WHAT YOU HAVE TO DO ->
All lines of the records below that contain the word "holding" must be listed.

(TASK DATA Opens)

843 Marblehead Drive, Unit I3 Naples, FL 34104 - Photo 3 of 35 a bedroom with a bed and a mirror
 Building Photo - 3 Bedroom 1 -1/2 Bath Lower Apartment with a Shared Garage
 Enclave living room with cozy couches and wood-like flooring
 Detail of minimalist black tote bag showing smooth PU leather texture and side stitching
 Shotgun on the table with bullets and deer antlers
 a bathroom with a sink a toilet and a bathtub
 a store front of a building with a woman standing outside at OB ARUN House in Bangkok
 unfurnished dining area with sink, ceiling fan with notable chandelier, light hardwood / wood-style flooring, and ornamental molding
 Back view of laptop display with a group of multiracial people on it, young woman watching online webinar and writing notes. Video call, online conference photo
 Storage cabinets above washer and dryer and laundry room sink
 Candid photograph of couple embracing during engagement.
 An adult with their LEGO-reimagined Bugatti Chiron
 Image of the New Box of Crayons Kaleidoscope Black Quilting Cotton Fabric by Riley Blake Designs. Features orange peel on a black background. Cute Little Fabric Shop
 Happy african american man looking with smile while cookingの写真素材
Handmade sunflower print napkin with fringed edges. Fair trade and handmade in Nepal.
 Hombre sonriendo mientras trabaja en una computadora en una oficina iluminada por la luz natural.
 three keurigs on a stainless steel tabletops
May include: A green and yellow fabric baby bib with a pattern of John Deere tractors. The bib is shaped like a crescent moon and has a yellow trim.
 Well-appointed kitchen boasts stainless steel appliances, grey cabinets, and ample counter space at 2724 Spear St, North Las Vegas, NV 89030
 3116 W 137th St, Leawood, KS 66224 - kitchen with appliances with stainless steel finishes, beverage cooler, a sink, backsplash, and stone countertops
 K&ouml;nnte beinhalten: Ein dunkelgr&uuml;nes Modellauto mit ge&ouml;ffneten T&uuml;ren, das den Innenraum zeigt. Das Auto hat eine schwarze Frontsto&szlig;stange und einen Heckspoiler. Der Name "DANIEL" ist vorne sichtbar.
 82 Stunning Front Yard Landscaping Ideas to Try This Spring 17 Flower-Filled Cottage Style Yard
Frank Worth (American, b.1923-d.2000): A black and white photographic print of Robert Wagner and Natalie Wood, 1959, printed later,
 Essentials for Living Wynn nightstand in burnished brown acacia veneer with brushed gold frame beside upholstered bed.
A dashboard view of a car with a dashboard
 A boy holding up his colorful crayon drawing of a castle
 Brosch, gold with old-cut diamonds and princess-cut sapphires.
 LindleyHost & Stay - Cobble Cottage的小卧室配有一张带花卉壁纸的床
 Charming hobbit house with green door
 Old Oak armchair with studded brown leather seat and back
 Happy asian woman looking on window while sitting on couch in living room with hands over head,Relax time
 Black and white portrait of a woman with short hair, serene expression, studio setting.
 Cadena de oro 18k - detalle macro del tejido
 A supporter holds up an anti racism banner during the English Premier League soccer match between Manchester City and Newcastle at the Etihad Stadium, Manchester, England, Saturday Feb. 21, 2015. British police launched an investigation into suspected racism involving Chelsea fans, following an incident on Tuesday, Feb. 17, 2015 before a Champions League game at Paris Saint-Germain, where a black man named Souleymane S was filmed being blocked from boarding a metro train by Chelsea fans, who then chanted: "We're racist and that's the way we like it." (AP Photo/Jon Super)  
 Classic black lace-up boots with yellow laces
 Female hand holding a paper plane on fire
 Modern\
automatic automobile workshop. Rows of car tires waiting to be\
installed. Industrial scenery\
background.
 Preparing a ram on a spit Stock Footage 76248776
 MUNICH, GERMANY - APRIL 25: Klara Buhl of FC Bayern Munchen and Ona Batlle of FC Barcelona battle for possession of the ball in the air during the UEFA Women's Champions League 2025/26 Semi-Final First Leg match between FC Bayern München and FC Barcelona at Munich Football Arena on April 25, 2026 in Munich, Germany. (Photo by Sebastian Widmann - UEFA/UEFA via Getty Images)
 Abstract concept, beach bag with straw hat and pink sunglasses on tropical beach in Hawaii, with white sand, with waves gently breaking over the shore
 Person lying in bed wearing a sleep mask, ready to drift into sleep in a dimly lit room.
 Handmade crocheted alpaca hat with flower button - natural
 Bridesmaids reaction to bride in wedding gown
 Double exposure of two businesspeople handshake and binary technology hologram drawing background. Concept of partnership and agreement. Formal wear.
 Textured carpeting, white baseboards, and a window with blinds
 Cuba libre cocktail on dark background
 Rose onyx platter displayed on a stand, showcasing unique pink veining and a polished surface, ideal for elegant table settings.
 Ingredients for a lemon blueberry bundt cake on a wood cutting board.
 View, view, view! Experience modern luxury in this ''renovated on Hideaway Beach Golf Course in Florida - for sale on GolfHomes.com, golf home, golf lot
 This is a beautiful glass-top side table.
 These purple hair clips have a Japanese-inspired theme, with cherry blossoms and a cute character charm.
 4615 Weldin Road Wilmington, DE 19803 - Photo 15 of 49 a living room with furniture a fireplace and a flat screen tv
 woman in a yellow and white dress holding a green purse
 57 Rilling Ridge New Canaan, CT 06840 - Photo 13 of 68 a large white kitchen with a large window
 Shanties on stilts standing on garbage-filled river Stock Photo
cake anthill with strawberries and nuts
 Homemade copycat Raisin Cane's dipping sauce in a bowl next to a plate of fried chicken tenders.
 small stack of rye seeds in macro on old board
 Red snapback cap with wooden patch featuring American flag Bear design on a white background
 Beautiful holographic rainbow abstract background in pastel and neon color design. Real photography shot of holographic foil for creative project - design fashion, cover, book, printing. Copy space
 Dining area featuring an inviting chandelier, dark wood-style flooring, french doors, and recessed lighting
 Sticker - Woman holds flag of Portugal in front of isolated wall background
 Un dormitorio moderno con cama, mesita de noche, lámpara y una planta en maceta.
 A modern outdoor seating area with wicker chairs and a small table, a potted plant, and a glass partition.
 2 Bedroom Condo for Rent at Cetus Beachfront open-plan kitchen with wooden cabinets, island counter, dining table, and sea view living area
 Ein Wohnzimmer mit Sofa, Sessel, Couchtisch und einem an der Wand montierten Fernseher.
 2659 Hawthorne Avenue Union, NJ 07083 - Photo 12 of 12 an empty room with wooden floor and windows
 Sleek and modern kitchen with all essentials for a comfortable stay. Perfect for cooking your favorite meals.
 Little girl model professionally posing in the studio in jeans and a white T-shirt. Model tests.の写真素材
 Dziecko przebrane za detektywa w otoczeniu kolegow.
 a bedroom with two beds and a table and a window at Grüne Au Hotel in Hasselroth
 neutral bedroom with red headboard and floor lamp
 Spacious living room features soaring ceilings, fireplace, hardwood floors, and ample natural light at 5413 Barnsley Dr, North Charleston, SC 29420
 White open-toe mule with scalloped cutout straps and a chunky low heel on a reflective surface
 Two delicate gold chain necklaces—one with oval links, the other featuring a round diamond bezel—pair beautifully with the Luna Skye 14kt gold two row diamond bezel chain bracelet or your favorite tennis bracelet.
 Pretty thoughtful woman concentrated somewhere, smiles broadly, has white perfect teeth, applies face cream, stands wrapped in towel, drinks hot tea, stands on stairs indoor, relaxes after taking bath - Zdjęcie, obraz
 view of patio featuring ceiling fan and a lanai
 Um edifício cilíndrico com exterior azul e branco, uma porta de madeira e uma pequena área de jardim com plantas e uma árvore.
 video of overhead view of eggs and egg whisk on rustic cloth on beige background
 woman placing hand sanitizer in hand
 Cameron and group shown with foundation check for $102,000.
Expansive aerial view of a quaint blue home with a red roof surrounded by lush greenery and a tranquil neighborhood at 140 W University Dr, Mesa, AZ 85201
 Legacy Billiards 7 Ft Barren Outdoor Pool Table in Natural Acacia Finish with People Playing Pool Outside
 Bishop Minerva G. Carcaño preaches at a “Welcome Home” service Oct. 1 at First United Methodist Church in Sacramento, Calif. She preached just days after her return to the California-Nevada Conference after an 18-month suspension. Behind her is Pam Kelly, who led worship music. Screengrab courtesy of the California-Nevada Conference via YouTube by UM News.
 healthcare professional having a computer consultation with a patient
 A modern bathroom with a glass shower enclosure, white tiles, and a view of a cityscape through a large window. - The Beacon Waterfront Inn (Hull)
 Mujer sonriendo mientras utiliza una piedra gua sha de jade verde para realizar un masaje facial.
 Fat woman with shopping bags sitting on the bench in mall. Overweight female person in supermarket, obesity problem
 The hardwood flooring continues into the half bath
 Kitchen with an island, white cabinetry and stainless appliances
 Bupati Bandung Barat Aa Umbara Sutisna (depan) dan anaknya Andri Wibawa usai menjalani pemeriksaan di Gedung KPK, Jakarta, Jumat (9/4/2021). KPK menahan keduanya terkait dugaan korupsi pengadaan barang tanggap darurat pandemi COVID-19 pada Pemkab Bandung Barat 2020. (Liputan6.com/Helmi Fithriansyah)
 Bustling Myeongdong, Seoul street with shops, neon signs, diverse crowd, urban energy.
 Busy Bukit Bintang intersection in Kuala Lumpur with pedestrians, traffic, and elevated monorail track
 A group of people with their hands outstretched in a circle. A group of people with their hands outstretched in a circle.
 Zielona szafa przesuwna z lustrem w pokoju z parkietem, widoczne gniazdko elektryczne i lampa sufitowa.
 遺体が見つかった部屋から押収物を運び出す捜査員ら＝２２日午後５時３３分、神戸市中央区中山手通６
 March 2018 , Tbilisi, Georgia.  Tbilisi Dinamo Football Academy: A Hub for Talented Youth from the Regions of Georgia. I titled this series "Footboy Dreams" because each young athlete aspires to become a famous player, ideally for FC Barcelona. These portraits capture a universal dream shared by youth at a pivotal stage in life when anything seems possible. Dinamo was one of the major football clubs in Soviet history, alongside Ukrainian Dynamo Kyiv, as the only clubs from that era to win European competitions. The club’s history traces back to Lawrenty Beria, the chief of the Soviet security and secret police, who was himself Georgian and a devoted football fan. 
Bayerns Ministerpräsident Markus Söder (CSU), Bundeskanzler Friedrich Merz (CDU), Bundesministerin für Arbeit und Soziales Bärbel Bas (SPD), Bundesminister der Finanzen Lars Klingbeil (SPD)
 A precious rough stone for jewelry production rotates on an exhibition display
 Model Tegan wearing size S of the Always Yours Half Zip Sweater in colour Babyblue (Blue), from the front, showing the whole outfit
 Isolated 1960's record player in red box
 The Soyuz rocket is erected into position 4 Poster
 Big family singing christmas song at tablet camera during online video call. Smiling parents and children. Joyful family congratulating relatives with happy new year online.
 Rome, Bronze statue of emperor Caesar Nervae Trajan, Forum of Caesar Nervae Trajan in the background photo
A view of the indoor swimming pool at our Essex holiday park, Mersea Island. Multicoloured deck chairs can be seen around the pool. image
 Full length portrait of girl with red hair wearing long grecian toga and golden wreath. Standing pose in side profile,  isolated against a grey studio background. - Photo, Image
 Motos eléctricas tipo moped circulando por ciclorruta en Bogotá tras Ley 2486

(TASK DATA Closes)

EXERCISE SOLUTION ->
 A boy holding up his colorful crayon drawing of a castle
 Female hand holding a paper plane on fire
 woman in a yellow and white dress holding a green purse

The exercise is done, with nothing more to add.